Second, Ukraine’s role as a food exporter means that millions in countries like Sudan, Egypt, and other places are seeing food prices spike over declining imports from Ukraine. In the case of Egypt, the food price spike is coming on top of already high inflation, forcing the government to put price caps on bread and take out an IMF loan just to keep the economy somewhat stable. Additionally, Egypt is raising transit fees on the Suez Canal, which will further increase commodity prices.
Third, growing Russian frustration with the lack of progress in Ukraine coupled with anger at the Western response has Moscow breathing threats at the West. While this doesn’t imply an immediate escalation, it surely demonstrates the problem with the current American-led approach to keep layering on sanctions with no apparent off ramp to induce Russia to pull back.
How far should sanctions go?
Russian anger certainly hasn’t dulled America’s appetite for sanctions on Russia, as President Biden announced this week yet more sanctions to be heaped on the already beleaguered Russian economy.
Historically, sanctions are generally believed to be poor tools for influencing a state’s behavior, and that certainly seems to be the case here. So, what’s the end game for these sanctions? What are their objectives? Under what conditions are they removed?
To hear American and European leaders talk, these sanctions are hardening into a permanent state such that a Putin-led Russia is at risk of losing not just its relationship with the US, but its place in the G20, and the global economy in general.
If such were to happen, I doubt if even China could sufficiently backstop the Russian economy. But is such global isolation what we truly want? Should that be the price Putin and the Russian people are made to pay? On these questions, I think that opinion in Europe and the US is more divided than it may appear. Some appear to be ready to punish Russia to the utmost while others fear the implications for global trade and cooperation. I don’t have any data to back that thought, it’s just a hunch. We’ll see how it plays out.
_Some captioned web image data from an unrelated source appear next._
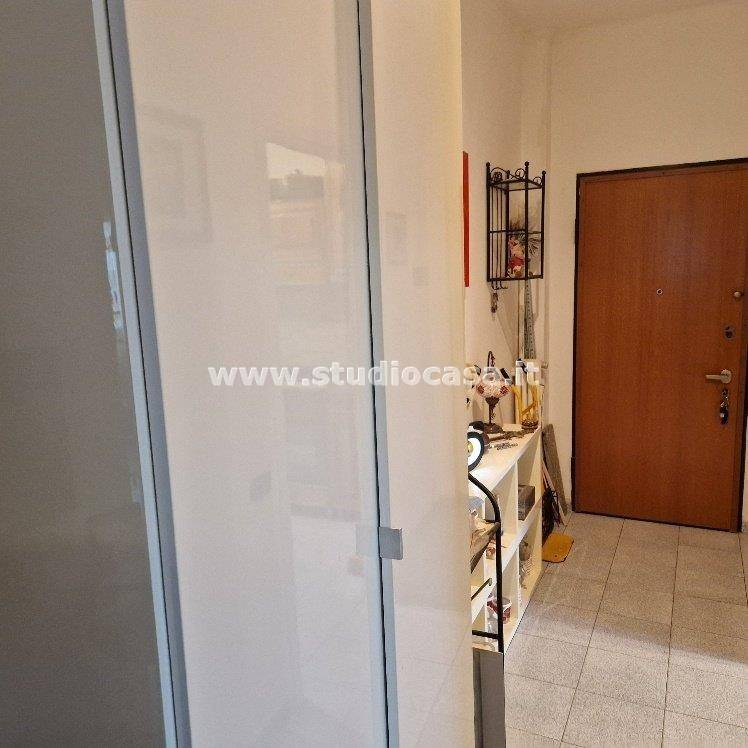 Appartamento a Gessate - Foto 2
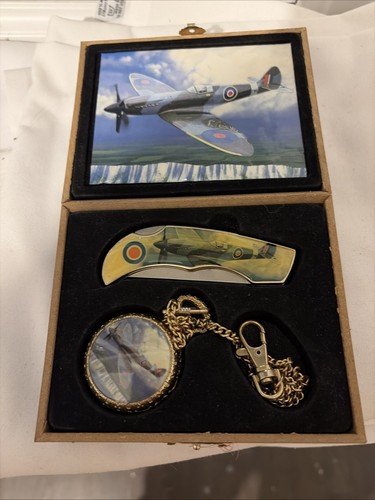 Collectable battle britain - of,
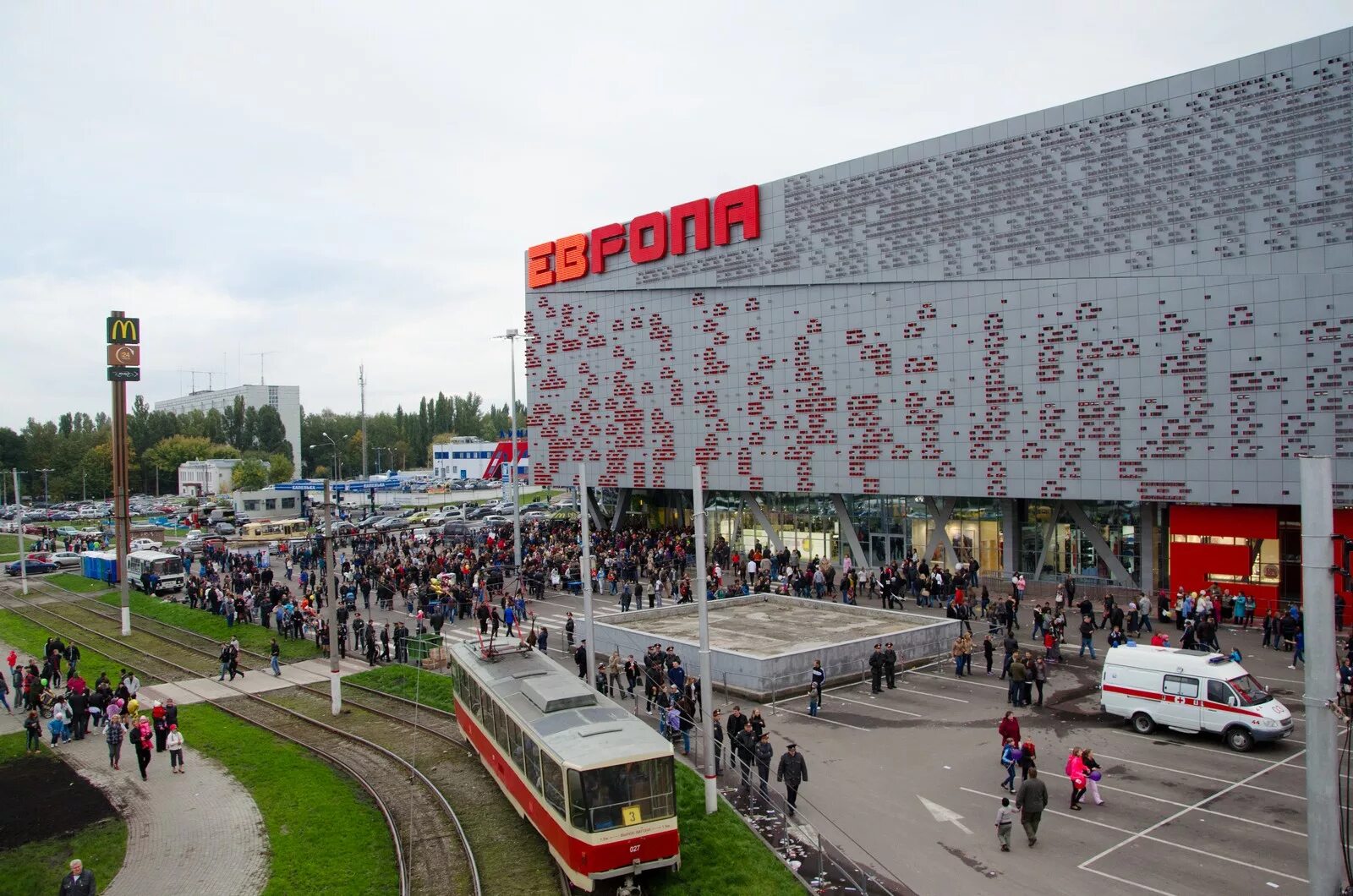 ТЦ Европа на студенческой Курск. Европа 40 Курск. Курск ТЦ Европа 40 ул Студенческая 1. ТРЦ Европа 40 Курск магазины. Сайт европа курск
How far should Zelensky go?
In part, my belief that Western opinion on how far to go in supporting Ukraine and opposing/punishing Russia could prove variable is based on the belief that Ukrainian President Zelensky is wearing out his welcome mat in Western capitals. After a week of public diplomacy that saw Zelensky scolding Western leaders for not doing more, he took his message to Israel where he likened Ukraine’s experience to the Holocaust (much to the Israeli government’s chagrin) before insinuating that Israel might not be a neutral mediator in ceasefire talks; and then demanded Japan add still more sanctions.
This week, Zelensky appealed directly to the populations of the world to hit the streets demonstrating in support of Ukraine, apparently to force leaders to get even tougher with Russia. That kind of forceful intervention in the domestic politics of other countries is rather a big no-no in diplomacy, but as the old saw goes, “the squeaky wheel gets the grease,” and that seems to be Zelensky’s play here. To be fair to him, he’s in the fight of his life and at risk of death almost daily, so we could cut him some slack for ignoring the niceties of diplomacy. However, there’s another old saying: “Don’t bite the hand that feeds you.” Zelensky cannot keep browbeating Western countries for more aid and weapons expecting evermore increases. There’s one glaring hole in the intelligence space right now: We don’t know the true state of Ukraine’s fighting forces. We’re very aware of the heavy losses the Russians are taking, and the heavy civilian losses, but of Ukrainian military losses and fighting effectiveness we know very little. That’s good information control on Ukraine’s part, but it also means our decision makers are flying a little blind when it comes to sending aid.